Tudo indica que tenha nascido da necessidade comum de enfrentar as outras espécies mais fortes, uma fórmula de sucesso na estratégia bélica primitiva. Hoje é uma lei ao abrigo do gregarismo, uma condição para a sobrevivência da espécie humana, a razão da nossa existência.
A ciência experimental provou que a prolongada privação de estimulação sensorial, leia-se ausência de contacto com o meio e com os outros, é difícil de suportar (dificuldade essa que pode ir do mero desconforto até à terrível alucinação).
A ciência social afirma que o Homem só se define enquanto inserido numa comunidade. Veja-se, por contraste exagerado, o exemplo da criança que foi encontrada errando sozinha, no Verão de 1798, na floresta de Saint-Sernin, no sul de França: o menino selvagem ou o selvagem de Aveyron ou, depois da densa injecção de humanização, o Victor de Aveyron que aos 12 anos não tinha ainda adquirido as competências essenciais da linguagem articulada, nem da locomoção aprumada. Vejam-se os outros 51 casos credíveis documentados na lista de Lucien Malson: a criança lobo de Hesse (1344), o enigma de Kaspar Hauser de Nuremberg (1828), o pequeno Ives Cheneau de Saint-Brévin (1963), etc..
Vejam-se ainda as desventuras que, com mais ou menos fantasia, parecem estar sempre coladas aos náufragos que acostam numa qualquer ilha isolada no meio do oceano, em geral do Pacífico.
Veja-se, por fim, o conceito de suplício associado à chamada “solitária” nas prisões.
Viver em sociedade tem por antónimo a solidão. E com que facilidade se enfia a solidão no saco das dores! O solitário sofre, está abandonado, rejeitado pela sociedade, desprotegido, exposto aos mais diversos perigos, tem medo, carrega todas as pesadas cruzes do penoso calvário da solidão.
A grande maioria das pessoas faz-se rodear de gente, quer habitando zonas habitadas, quer constituindo família, quer socializando com estranhos ou com gatos. Tudo indica, de facto, que esta é a organização natural do animal humano.

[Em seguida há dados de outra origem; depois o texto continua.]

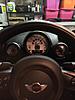 What did you do to your Countryman TODAY?-img_8118.jpg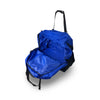 EXPEDITION Duffel Duffel Bags, by Tough Traveler. Made in USA since 1970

Mas será mesmo assim? Será a vivência social assim tão boa, necessária, útil e natural? Não será antes uma questão aprendida e transmitida de geração em geração contra a qual não tem havido grande debate? É que, contrariamente a este estado de coisas, há quem sobreviva, ou viva bem, no isolamento e até na reclusão. É o caso dos eremitas, anacoretas e ascetas, que optam por uma vida de recolhimento, meditação, sabedoria e paz; das irmãs seminaristas e dos monges de alguns credos mais ortodoxos, que entregam as suas vidas à causa religiosa; dos cansados da vida agitada que se voltam para outra mais rural e contemplativa; dos que deambulam sempre sozinhos nas grandes cidades.
A vida em sociedade, por outro lado, também não é fácil. Com tanta falta de civismo, tanto egoísmo, tanta lei da selva e do salve-se quem puder na mais moderna das metrópoles, faz-nos pensar sobre se é realmente este o estilo de vida que melhor serve a nossa espécie. Tanta violência doméstica, tanto divórcio litigioso, tanto crime passional só pode traduzir tensão e intolerância entre aqueles que são, ou outrora foram, significativos um para o outro. Agora imaginemos entre aqueles para os quais há absoluta indiferença: parece haver relação social sustentada por finos cordéis de boa educação e conduta. E o que é isto de educação? Nada mais do que a melhor das estratégias possíveis para aceitarmos e sermos aceites pelos outros desde o dia em que deixámos o nomadismo e nos tornámos sedentários, isto é, proprietários e capitalistas. No entanto a educação não é inata: é antes imposta, um decreto pela convivência.
Será que a vida dos isolados fica realmente em perigo? A companhia dos outros parece não ser, pelo menos em teoria, essencial à sobrevivência. É um pouco como a actividade sexual, que apesar de ser um impulso natural do qual não se escapa sem alguma resistência, não mata na abstinência prolongada.
Julgo que vivemos em sociedade porque nos habituámos a isso e esquecemo-nos que há tanta atracção do Homem pela sociedade, como do Victor de Aveyron pela floresta. Mas não temos muita escolha, pois não?